I'm trying to show that a piecewise function is one-to-one by showing that for all f(a) = f(b), a = b. The function is:
(x-2)/4 if x/2 is odd
-x/4 if x/2 is even.
I can show f(a) = f(b) implies a = b if a/2 and b/2 are both odd, and i can if they are both even.
Do i need to show f(a) = f(b) implies a = b for the case where a is even and b odd?
I would think i need to, because it should be for all a and b, but when i tried to i got
(a-2)/4 = -b/4 ==> a-2 = -b ==> a = -b+2.
so here it would not be true that f(a) = f(b) implies a = b and thus the function is not one-to-one.
I'm pretty sure that it is, though, and that i'm doing something wrong. The function is suppose to map positive even numbers to integers.
(f(2) = 0----------f(4) = -1--------f(6) = 1--------f(8) = -2....
Ok, I think I'm understanding your post about n = 1 - m now.
This is not possible as n will be a negative integer for all m.
But, this does not actually mean that the function is not one-to-one because we just showed f(a) /= f(b) if one is even and one is odd (a /= b).
So basically, f(a) = f(b) implies a = b for both even and both odd. For one of each, neither are true so that also maintains it is one-to-one. I believe.
Thank you for your help so far.
I would try to show this is onto by showing that each individual piece is onto.

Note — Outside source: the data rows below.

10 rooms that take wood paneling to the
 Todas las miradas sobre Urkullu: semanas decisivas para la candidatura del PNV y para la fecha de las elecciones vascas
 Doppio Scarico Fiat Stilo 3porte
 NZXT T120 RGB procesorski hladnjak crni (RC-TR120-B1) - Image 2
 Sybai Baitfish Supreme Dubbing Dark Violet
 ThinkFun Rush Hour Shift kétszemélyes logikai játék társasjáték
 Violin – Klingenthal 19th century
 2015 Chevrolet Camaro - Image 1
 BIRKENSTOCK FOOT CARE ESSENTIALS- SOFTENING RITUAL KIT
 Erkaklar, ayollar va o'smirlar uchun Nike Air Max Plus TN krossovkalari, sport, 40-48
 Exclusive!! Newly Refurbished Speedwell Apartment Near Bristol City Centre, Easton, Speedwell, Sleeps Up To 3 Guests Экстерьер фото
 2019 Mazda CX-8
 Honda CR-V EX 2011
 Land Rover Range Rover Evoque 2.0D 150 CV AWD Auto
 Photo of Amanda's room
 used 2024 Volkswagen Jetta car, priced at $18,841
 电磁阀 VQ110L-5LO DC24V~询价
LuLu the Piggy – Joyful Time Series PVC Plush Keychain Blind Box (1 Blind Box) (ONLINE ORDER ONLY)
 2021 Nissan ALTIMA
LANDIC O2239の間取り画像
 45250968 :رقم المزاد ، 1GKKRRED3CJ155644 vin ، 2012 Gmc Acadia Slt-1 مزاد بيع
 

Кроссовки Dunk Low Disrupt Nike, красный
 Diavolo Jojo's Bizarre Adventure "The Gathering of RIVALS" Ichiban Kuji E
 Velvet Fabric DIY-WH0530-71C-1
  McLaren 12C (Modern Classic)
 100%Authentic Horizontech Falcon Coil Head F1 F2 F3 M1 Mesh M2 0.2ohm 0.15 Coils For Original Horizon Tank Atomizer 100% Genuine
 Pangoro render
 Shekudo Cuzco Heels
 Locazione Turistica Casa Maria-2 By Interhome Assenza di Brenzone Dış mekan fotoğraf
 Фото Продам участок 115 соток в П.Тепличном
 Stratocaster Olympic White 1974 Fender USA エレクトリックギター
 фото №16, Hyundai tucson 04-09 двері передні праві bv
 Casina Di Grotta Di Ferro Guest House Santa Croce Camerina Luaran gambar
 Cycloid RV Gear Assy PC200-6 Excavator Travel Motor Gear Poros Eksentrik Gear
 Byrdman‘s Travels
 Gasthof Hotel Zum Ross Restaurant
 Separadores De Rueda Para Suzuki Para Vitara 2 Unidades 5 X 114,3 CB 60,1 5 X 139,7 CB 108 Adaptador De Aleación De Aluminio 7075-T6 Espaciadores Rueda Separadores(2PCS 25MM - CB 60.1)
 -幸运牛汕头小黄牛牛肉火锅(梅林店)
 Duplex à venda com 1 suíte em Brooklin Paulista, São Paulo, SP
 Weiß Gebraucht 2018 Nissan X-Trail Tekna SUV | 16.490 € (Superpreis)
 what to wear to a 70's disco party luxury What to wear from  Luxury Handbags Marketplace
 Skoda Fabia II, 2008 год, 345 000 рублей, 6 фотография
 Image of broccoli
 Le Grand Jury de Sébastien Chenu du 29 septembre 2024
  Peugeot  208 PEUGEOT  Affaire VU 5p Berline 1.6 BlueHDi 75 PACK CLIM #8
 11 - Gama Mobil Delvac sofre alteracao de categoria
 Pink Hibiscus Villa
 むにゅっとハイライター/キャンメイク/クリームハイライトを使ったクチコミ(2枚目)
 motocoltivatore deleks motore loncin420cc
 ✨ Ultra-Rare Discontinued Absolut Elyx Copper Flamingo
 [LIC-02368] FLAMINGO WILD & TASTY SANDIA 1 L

First, (x-2)/4 if x/2 is odd
so, f(e) = (e - 2) / 4
y = (e - 2) / 4
e = 4y - 2
Now i must show that for all y in Z, e is a positive even initeger. I'm thinking 4y - 2 ==> 2(2k - 2) ==> 2(g) g in Z.
The only problem is this only shows e is even, not positive.
similarly, for -x/4 if x/2 is even.
y = -e / 4
e = -4y.
Now i must show that for all y in Z, e is a positive even integer. I'm thinking -4y ==> 2(-2k) ==> 2(g), g in Z.
But again, this doesn't mean e is positive.